Not long after Microsoft released software security updates on Tuesday, the company’s Technet support forums lit up with complaints about Internet Explorer sounding the malware alarm when users visited google.com.
The alerts appear to be the result of a “false positive” detection shipped to users of Microsoft’s antivirus and security products, most notably its Forefront technology and free “Security Essentials” antivirus software.
I first learned of this bug from a reader, and promptly updated a Windows XP system I have that runs Microsoft Security Essentials. Upon reboot, Internet Explorer told me that my homepage — google.com — was serving up a “severe” threat – Exploit:JS/Blacole.BW. For whatever reason, Microsoft’s security software thought Google’s homepage was infected with a Blackhole Exploit Kit.
I could be wrong, but it doesn’t appear that Google is in fact infected or serving up exploits. Fortunately, clicking the default “remove” action prompted by Microsoft’s antivirus technology did virtually nothing that I could tell; the program reported that it was unable to find the threat (psst, Microsoft…that’s because there isn’t one). Judging from the responses in the Microsoft forum, the company appears to be aware of and responding to the bogus alerts.
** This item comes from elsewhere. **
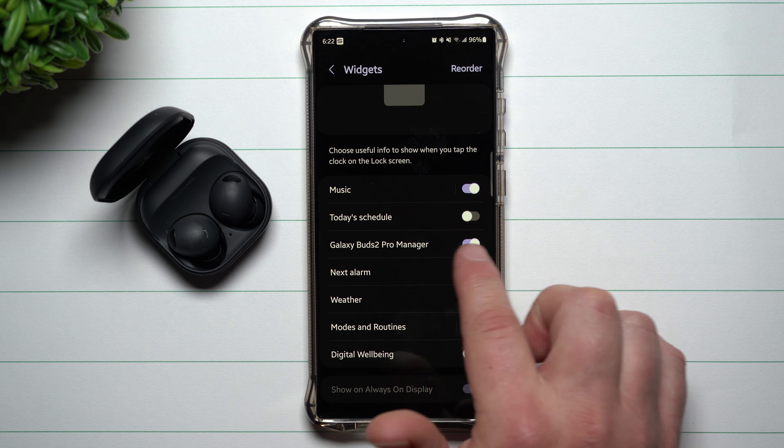If I go to the lock screen and tap in an empty area — not on any of the icons — and then unlock my phone, it takes me right inside the Galaxy Wearable application in case I need to make any additional changes.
False positives happen to every antivirus vendor, and this one was fairly innocuous as these things go: It’s not like it deleted or quarantined essential operating system files, rendering host computers useless, as faulty updates from other vendors have in the past. But Microsoft is probably smarting from this episode: The company is expected to ship a version of its antivirus technology with Windows 8, the next version of Windows due to be released later this year.